** Dataset content **
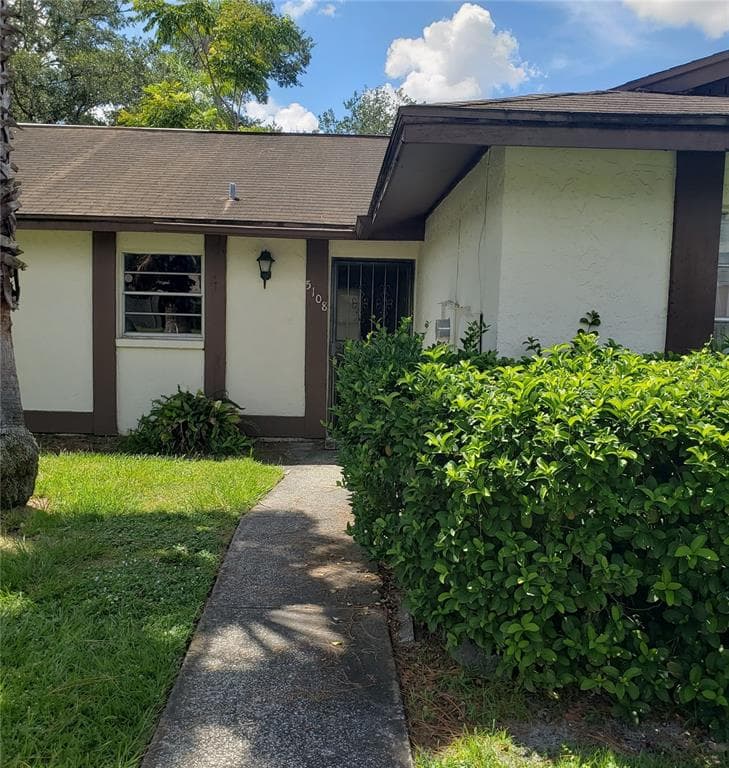 5108 LETITIA COURT TAMPA, FL 33624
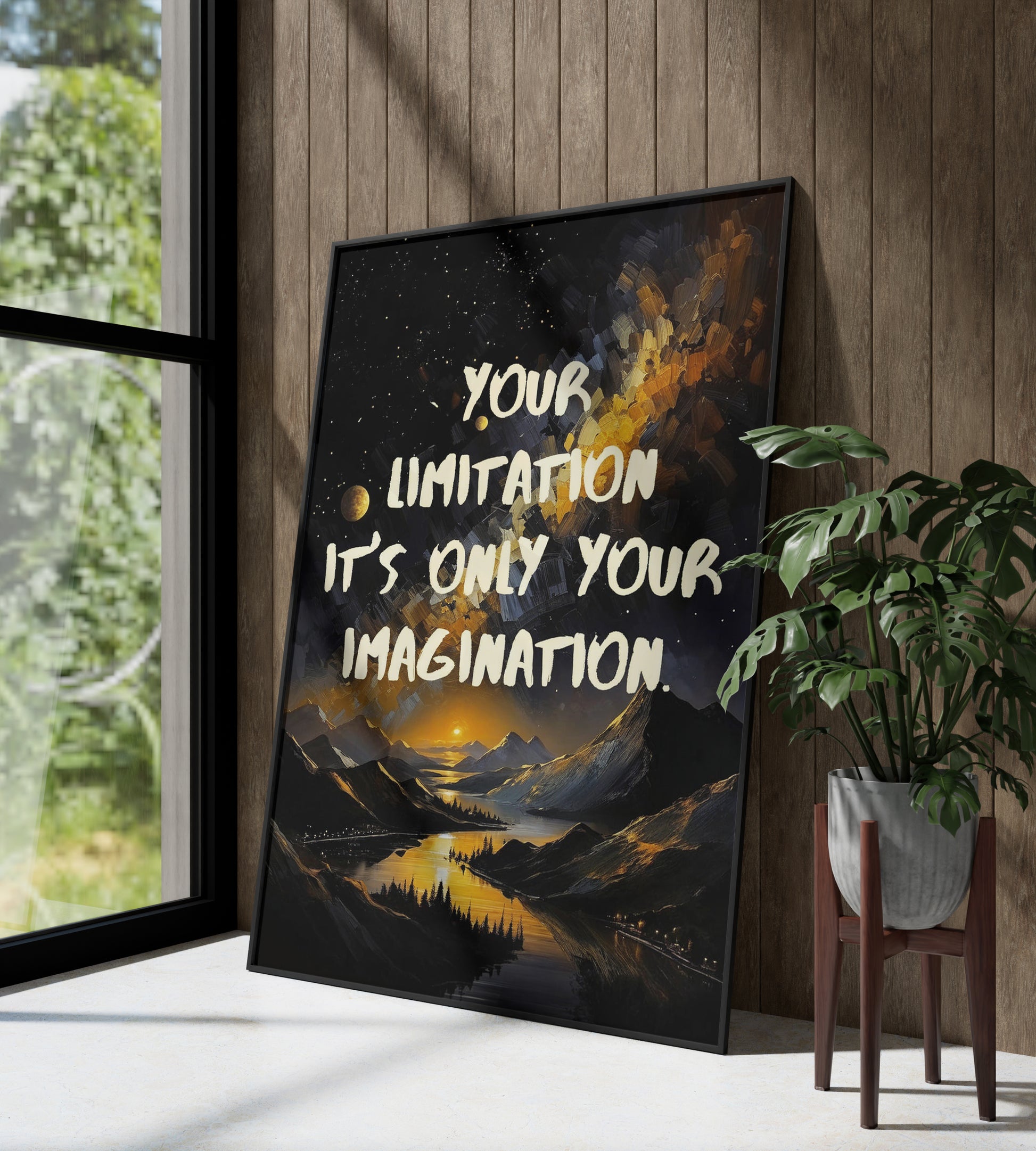 Limitless Imagination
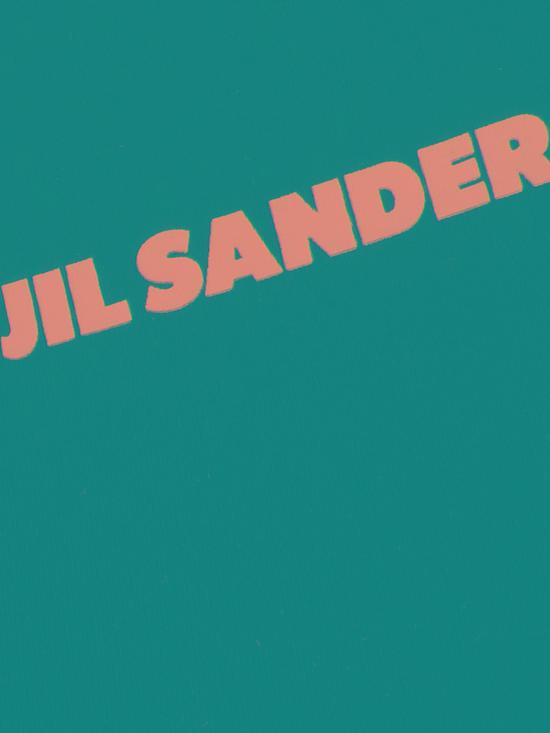  질샌더 민소매 티셔츠 J40NC0002J70029001 Black - JIL SANDER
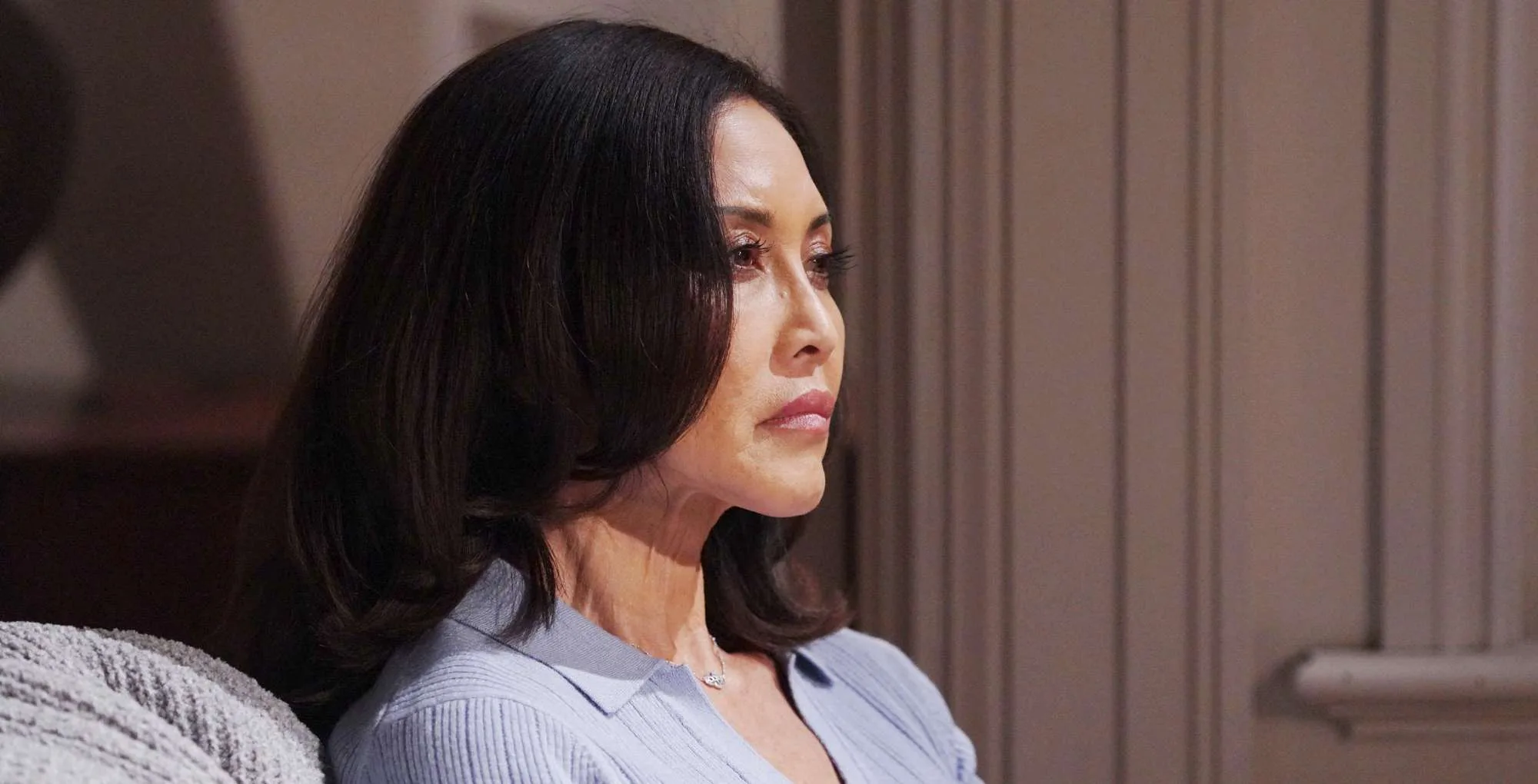 History ALWAYS Repeats Itself: Does B&B’s Li Have Luna On Lockdown?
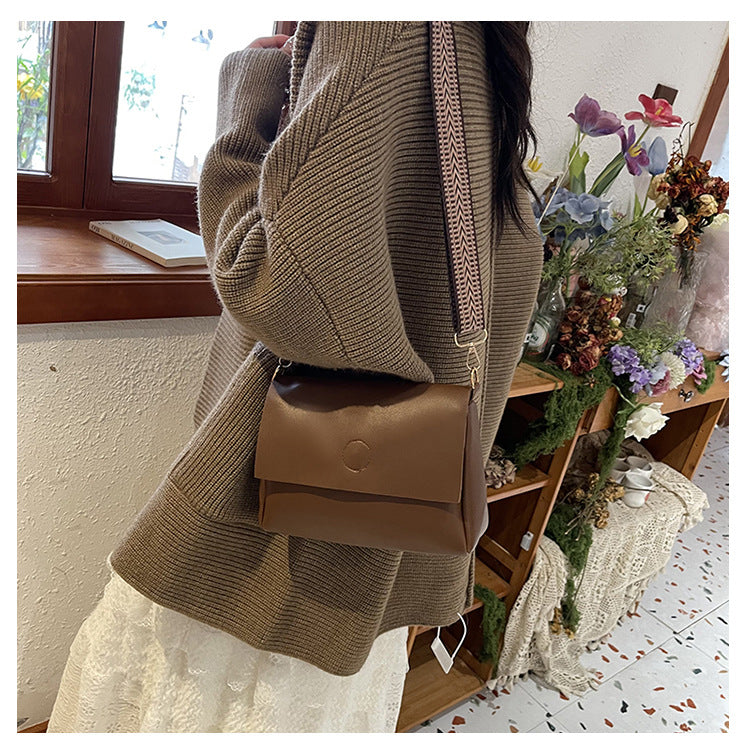 Women's two-piece large capacity bag set2024New Fashion Commuting Handbag Simple Casual Shoulder Tote Bag for Women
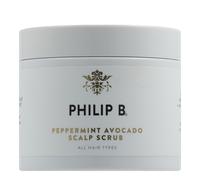 Scalp Scrub Peppermint - Avocado Exfoliante del Cuero Cabelludo 236 ml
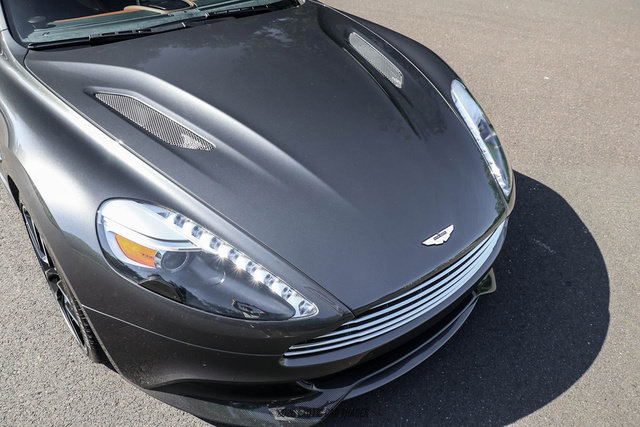 Used 2015 Aston Martin Vanquish Coupe RWD image 82
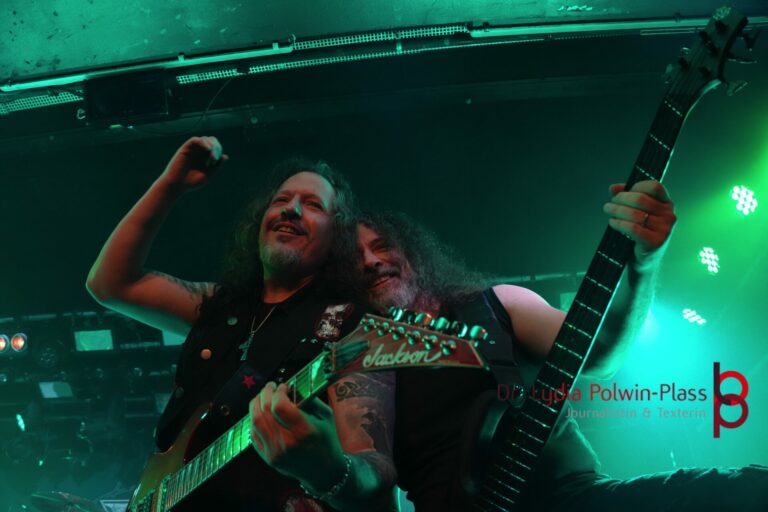 Ronnie Romero_Gus G Colos-Saal 2026_Polwin-Plass_062-2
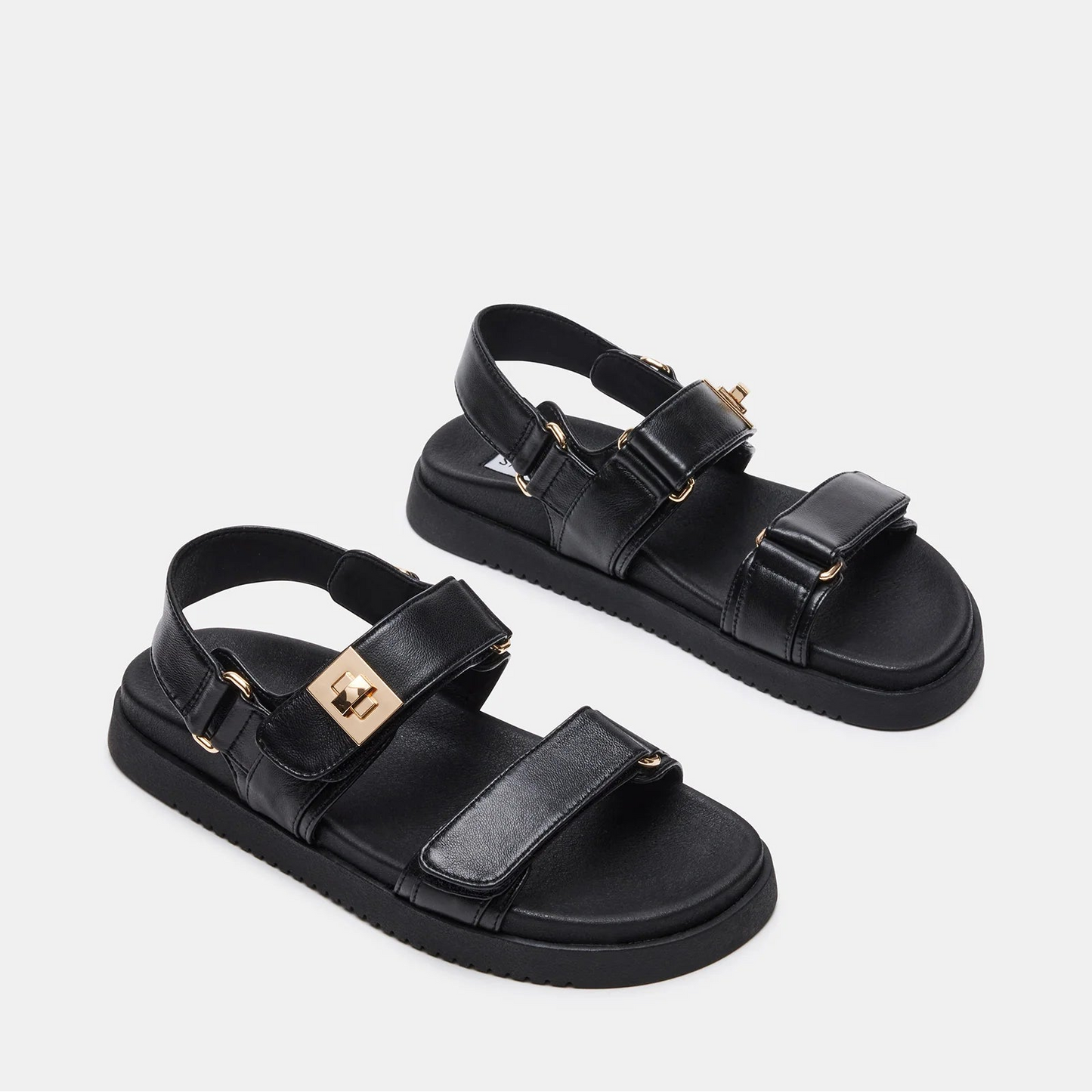 Steve Madden JMONA Sandals Black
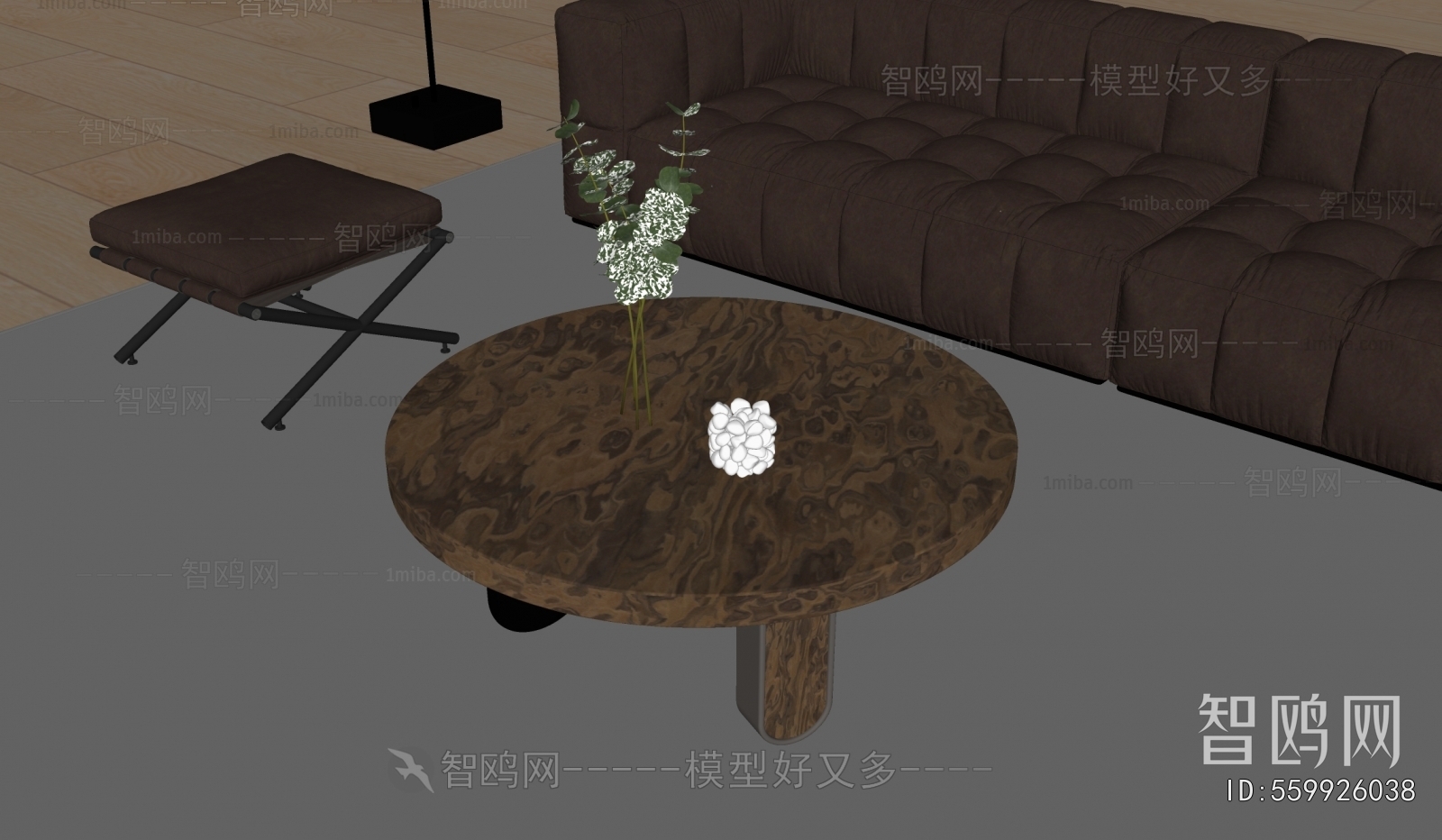 Modern Coffee Table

** Task objective **
Restate the data word for word from its first line through the line with "Ronnie Romero_Gus G", leaving out any picture along the way.

** Answer to the exercise **
 5108 LETITIA COURT TAMPA, FL 33624
 Limitless Imagination
  질샌더 민소매 티셔츠 J40NC0002J70029001 Black - JIL SANDER
 History ALWAYS Repeats Itself: Does B&B’s Li Have Luna On Lockdown?
 Women's two-piece large capacity bag set2024New Fashion Commuting Handbag Simple Casual Shoulder Tote Bag for Women
 Scalp Scrub Peppermint - Avocado Exfoliante del Cuero Cabelludo 236 ml
 Used 2015 Aston Martin Vanquish Coupe RWD image 82
 Ronnie Romero_Gus G Colos-Saal 2026_Polwin-Plass_062-2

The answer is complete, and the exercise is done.